Cell viability was measured by XTT after 24 h incubation with selenium treatment, combined with SAM, DTNB and MSG. Cells were pretreated with MSG (60 mM) followed by treatment with selenium compounds +/− SAM (500 µM) A) Selenite (5 µM), B) GS-Se-SG (5 µM), C) Seleno-DL-cystine (100 µM). D) SAM toxicity was determined by clonogenic assay. Cells were treated for 8 h with 500 µM SAM, washed and re-seeded, in triplicates. After 9 days, clones were stained and counted. E) Viability over time (0–48 h) after pretreatment with MSG followed by addition of selenite +/− SAM. F) Selenium accumulation in ng/mg protein after 24 h treatment (same concentration of all compounds as in E) measured by GF-AAS analysis.

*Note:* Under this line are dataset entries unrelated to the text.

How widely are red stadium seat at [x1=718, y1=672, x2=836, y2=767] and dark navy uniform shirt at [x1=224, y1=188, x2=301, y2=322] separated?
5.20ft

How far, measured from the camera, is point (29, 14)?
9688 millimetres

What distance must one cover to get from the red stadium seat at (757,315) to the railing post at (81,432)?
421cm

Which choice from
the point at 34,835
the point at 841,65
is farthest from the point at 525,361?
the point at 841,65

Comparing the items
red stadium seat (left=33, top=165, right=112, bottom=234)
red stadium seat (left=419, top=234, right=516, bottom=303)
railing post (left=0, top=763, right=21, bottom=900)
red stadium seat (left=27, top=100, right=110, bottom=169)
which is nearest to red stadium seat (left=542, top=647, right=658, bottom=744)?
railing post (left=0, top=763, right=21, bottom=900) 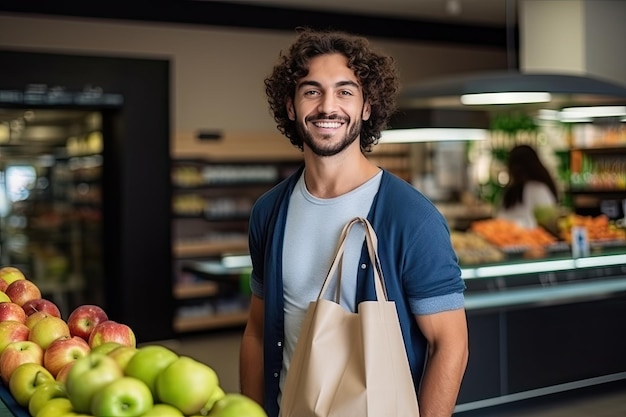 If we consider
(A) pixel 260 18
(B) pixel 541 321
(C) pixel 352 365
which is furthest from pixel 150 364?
(A) pixel 260 18

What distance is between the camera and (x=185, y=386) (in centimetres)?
147

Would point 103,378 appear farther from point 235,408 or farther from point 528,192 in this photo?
point 528,192

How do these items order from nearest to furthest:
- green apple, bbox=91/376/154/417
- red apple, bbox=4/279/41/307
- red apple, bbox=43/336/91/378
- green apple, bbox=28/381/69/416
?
green apple, bbox=91/376/154/417, green apple, bbox=28/381/69/416, red apple, bbox=43/336/91/378, red apple, bbox=4/279/41/307

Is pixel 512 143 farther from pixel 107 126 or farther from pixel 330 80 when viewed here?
pixel 330 80

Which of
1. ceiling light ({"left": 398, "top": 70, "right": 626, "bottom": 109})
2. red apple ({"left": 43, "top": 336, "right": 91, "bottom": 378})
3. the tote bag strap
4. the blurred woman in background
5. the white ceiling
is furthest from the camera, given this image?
the white ceiling

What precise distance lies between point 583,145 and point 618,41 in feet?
5.69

G) Comparison of toxicity between selenite (5 µM) +/− SAM and MSA (5 µM) after 24 h of treatment. H) Representative morphological changes associated with the treatments of selenite (5 µM), selenite +/− SAM and MSA (5 µM) for 20 h. In D, Student t-test was performed to verify the statistical significance between two groups. One-way ANOVA (99.9% confidence interval) followed by Tukey-Kramer multiple comparison test was performed to determine statistical significance in A–C, F (**p<0.01 and ***p<0.001 compared to controls, °p<0.01 and °°p<0.001 compared to selenium treated cells). In E, two-way ANOVA (95% confidence interval) was performed, followed by Bonferroni multiple comparison test. (*p<0.05 and ***p<0.001, compared to control at selected time point). In Fig. G, one-way ANOVA was used, followed by Student-Newman-Keuls multiple comparison test (95% confidence interval, *p<0.05 compared to selenite treatment).
Figure 7.
Effect of selenium compounds on superoxide production.

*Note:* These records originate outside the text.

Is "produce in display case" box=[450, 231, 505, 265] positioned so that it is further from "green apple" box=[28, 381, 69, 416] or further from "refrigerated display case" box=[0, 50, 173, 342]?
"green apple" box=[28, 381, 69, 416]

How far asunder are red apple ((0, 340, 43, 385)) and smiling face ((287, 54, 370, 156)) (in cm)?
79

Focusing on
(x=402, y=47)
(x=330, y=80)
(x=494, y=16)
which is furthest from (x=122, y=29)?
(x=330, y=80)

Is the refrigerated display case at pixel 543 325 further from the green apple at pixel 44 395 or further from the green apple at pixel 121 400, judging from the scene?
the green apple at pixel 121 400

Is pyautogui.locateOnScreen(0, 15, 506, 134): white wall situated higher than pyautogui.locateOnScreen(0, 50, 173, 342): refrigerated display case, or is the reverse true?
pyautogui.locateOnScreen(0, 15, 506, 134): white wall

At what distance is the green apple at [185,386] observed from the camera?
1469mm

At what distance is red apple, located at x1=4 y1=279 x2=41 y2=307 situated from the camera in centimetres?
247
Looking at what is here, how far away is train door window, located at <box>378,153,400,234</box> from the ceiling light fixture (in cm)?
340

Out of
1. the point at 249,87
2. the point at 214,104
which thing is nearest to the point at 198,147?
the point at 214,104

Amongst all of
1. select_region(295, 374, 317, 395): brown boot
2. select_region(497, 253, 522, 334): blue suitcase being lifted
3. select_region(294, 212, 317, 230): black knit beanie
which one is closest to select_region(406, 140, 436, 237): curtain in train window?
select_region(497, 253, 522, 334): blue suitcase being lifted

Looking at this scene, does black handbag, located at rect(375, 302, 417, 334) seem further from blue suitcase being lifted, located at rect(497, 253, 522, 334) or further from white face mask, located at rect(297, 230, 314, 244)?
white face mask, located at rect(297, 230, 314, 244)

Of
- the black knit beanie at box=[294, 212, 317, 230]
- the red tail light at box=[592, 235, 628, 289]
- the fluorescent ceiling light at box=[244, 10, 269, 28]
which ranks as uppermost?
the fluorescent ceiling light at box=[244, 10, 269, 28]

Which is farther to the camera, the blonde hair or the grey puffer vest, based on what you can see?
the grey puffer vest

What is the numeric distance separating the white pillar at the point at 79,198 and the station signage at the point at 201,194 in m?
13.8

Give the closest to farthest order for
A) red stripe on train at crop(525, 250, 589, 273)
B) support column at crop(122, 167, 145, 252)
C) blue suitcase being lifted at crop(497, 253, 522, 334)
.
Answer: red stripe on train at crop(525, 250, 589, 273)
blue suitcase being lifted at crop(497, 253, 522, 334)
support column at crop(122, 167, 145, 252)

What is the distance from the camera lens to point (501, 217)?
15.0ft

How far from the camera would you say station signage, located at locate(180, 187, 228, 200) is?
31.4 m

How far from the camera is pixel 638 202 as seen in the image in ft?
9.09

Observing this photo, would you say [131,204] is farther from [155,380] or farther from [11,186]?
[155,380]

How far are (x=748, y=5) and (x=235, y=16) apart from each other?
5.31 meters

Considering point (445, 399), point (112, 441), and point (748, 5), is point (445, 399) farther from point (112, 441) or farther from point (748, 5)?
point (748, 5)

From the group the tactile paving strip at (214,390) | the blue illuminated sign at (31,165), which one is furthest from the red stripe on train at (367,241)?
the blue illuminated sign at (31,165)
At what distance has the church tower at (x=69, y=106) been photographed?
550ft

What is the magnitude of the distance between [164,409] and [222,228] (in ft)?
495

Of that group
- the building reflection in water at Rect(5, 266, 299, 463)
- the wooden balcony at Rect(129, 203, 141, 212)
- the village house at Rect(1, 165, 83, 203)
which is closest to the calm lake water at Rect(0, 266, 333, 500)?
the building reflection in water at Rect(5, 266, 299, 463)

H157 cells were stained with hydroethidine and treated for 5 h with selenite (5 µM) +/− SAM (500 µM), and MSA (5 µM) before detection of accumulated superoxide produced by FACS analysis, as described under materials and methods.
Figure 8.
Proposed schematic overview of the spontaneous methylation of selenide to methylselenol.
A schematic diagram showing the individual role of selenite, thioredoxin and glutaredoxin system and SAM in redox cycling of selenium intermediate metabolites. Selenite is reduced to hydrogen selenide either by thioredoxin or glutaredoxin system (reaction 1) [8], [9]. The same reaction can be catalyzed either by glutathione or cysteine, resulting into the same final end product. Hydrogen selenide can successively be oxidized by oxygen to form superoxide radical or undergo redox cycling mediated by thioredoxin or glutaredoxin system (reaction 2) [8], [9]. However, hydrogen selenide can spontaneously react with SAM to form methylselenol (reaction 3). Subsequently, the thioredoxin and glutaredoxin system participate in the redox cycling of methylselenol in a similar way (reaction 4) with that of hydrogen selenide and generate reactive oxygen species. Under reducing environment, monomethylselenol may act as a radical scavenger because of its superior nucleophilicity compared to its counterpart hydrogen selenide.